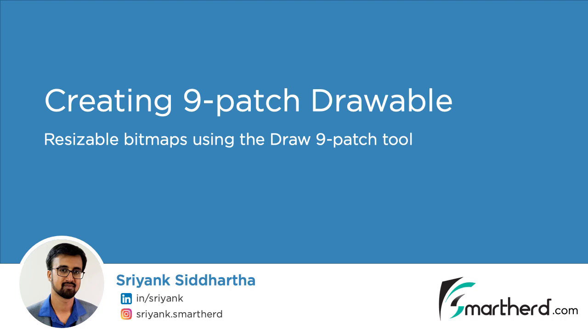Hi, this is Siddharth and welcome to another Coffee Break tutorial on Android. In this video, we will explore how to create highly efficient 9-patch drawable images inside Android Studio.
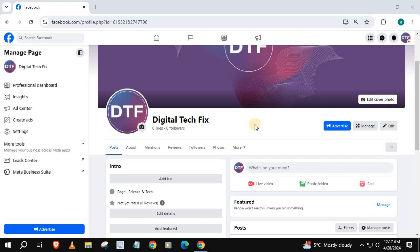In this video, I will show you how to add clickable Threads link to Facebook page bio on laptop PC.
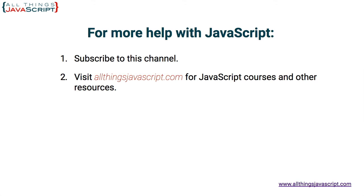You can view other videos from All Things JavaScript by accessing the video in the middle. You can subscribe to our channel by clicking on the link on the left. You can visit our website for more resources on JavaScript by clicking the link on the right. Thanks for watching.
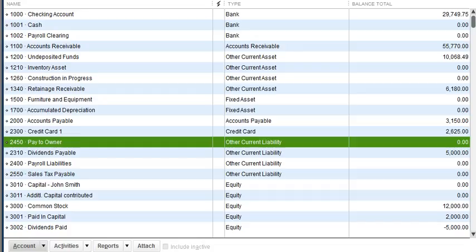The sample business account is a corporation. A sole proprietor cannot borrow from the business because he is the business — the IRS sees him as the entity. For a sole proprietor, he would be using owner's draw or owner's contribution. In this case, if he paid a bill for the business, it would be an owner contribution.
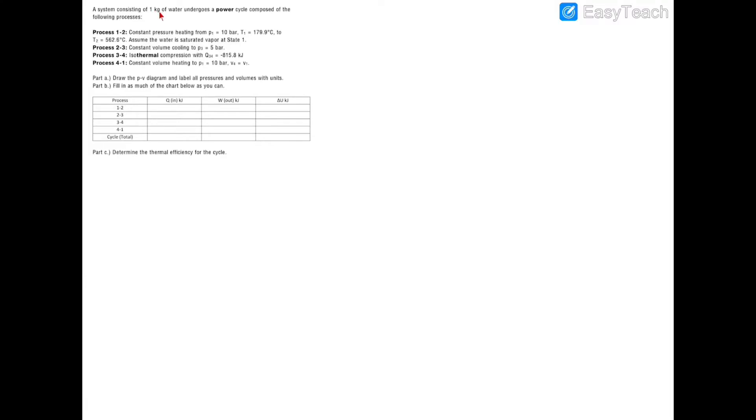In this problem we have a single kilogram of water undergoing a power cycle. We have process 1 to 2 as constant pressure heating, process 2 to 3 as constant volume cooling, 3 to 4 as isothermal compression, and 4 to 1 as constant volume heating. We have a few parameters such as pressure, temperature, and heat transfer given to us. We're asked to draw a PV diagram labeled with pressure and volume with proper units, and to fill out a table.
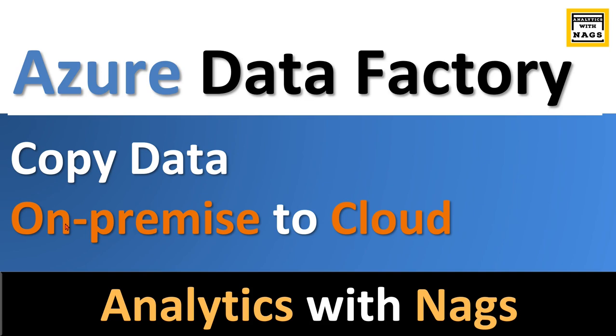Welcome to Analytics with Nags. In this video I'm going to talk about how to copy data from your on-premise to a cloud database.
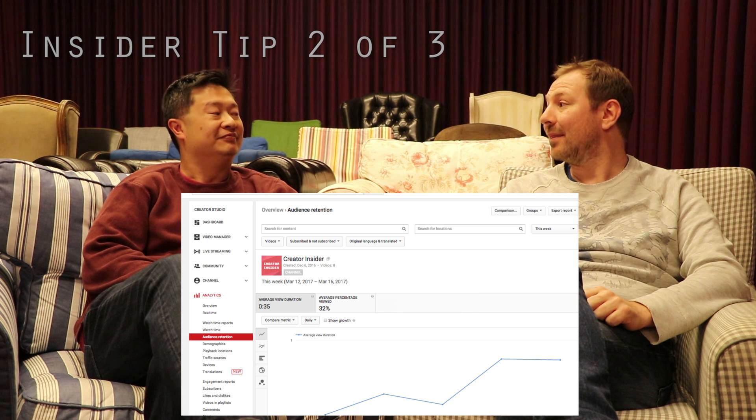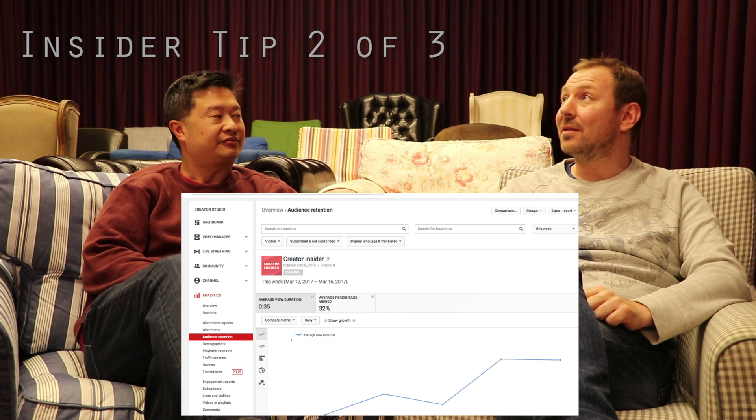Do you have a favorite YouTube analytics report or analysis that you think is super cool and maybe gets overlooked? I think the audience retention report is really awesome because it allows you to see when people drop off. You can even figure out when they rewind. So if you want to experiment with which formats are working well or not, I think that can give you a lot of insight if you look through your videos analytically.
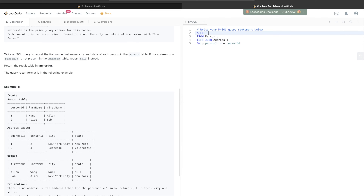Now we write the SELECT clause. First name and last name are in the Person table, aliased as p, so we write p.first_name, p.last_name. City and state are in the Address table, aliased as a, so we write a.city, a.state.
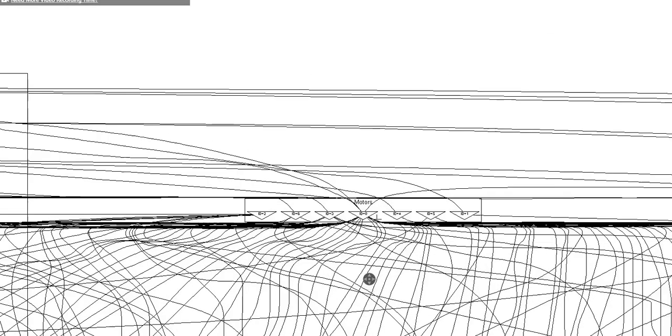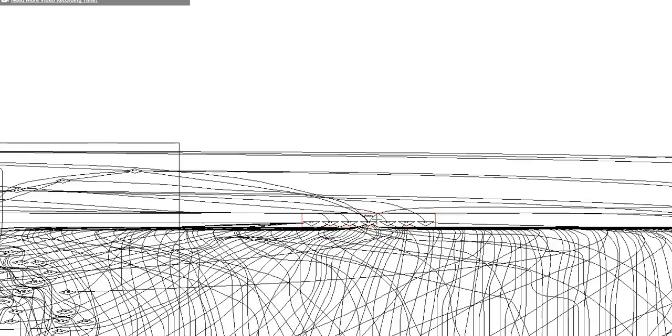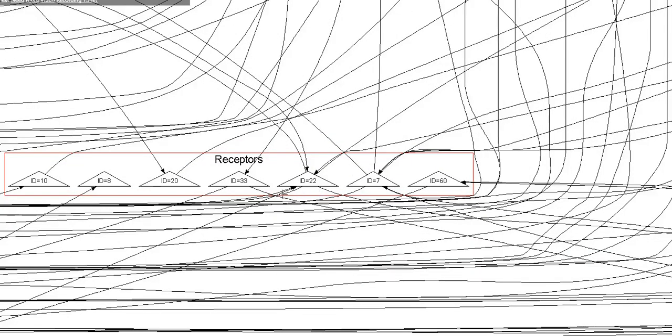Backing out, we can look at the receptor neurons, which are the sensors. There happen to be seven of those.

---

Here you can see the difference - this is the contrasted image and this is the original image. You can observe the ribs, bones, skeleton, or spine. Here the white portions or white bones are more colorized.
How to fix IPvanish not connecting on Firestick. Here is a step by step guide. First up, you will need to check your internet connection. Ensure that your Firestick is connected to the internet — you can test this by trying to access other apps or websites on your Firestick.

...

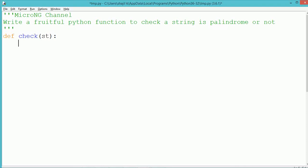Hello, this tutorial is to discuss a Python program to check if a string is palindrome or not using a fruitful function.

Exercise prompt →
Only the lines starting at the one that includes "Hi, this is" and ending at the one that includes "You can view" should be retyped, exactly, from the records above; no pictures.

Output of the task →
Hi, this is Siddharth and welcome to another Coffee Break tutorial on Android. In this video, we will explore how to create highly efficient 9-patch drawable images inside Android Studio.
In this video, I will show you how to add clickable Threads link to Facebook page bio on laptop PC.
You can view other videos from All Things JavaScript by accessing the video in the middle. You can subscribe to our channel by clicking on the link on the left. You can visit our website for more resources on JavaScript by clicking the link on the right. Thanks for watching.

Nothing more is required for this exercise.